On the 1st November 2012, the Human Rights Council will review the human rights practices of Sri Lanka, as part of the Universal Periodic Review (UPR). On November 5th, the UPR report will be publicly released. The UPR mechanism is an important tool aimed to monitor compliance of states to their international human rights obligations.
Action contre la Faim (ACF) and SPEAK call upon the UN to launch an international and independent investigation to finally bring to justice those responsible for the murders of 17 aid workers in Sri Lanka.
On August 4th, 2006, armed men stormed ACF’s offices in Muttur, forced 17 staff members on to their knees and executed each of them with a bullet to the back of the head. This massacre accounts for the most serious crime ever committed against humanitarian workers.
What happened since?
Unfortunately, not much can be said about the evolution of the situation. Six years after the execution of our colleagues, no-one has been charged for this crime.
Allegedly, three national investigations have been launched into this crime. In reality, the investigations have been a succession of obstruction, interference of politics in the judiciary and a lack of transparency and independence.
The whole aftermath of the massacre has been plagued with procedural irregularities and depicts the lack of political willingness to carry out an impartial, independent and transparent investigation that shall guarantee the successful prosecution of those perpetrators.
Yet, the Government of Sri Lanka (GoSL) continuously reiterated their apparent commitment to bring the perpetrators to justice. Following the 2008 UPR report, the GoSL agreed to a certain amount of recommendations. Of particular interest, the recommendation A-15 required Sri Lanka to “ensure the adequate completion of investigations into the killings of aid workers, including by encouraging the Presidential Commission of Inquiry to use its legal investigative powers to their full extent”. The recommendation was never implemented.
Interestingly, the Lessons Learnt and Reconciliation Commission’s report (LLRC), released in December 2011, urged the implementation of similar recommendations made by the Presidential Commission – Commission inherently flawed and strongly criticised by the International Independent Group of Eminent Persons (IIGEP) and the UN Panel of Experts, which report was never publicly disclosed.
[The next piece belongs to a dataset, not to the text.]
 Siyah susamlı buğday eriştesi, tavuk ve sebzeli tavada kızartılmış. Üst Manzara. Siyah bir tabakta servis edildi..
2012 – Impunity still prevails
The Human Rights Council’s March 2012 resolution on “Promoting Reconciliation and Accountability in Sri Lanka” requested the government to present a “comprehensive action plan […] to implement the recommendations made in the Commission’s [LLRC] report and also to address alleged violations of international law”. The government’s “national action plan”, released in late July 2012, encompasses again the specific recommendation on the Muttur massacre. Strangely, the implementation of the recommendation is stated “on-going” despite the absence of benchmarks and means of measurement for its effective implementation. Regarding the personnel in charge of follow-up of the investigation, no information is presently available. Consequently, it is impossible for ACF to assess whether previously identified conflicts of interest and irregularities have been addressed; and in what conditions evidence and testimonies would be collected or under which jurisdiction the case would be brought.
The total lack of transparency around this so-called new investigation shows lessons from previous failures have not been learnt and there remains a total lack of willingness from the Government of Sri Lanka to find and prosecute the perpetrators of this crime.
Supporting an International and Independent Investigation
ACF believes that yet another national investigation cannot be compatible with established norms and standards of international law and will only cause more suffering for the families.
Without involvement of the international community, justice will never be served.
Member states of the Human Rights Council need to demand immediate action from the GoSL. During the Universal Periodic Review (UPR) on November 1st and in the run up to its March 2013 session, in light of the failure of the GoSL to ensure domestic accountability, ACF and SPEAK ask the Council Members:
1. to request the Sri Lankan authorities to provide credible evidence of new and independent investigations on the case, based on internationally recognised standards of law (as per the Action Plan to implement the LLRC);
2. to set up an independent body of international experts having the required competence and mandated to monitor and conduct a thorough investigation followed by efficient prosecution.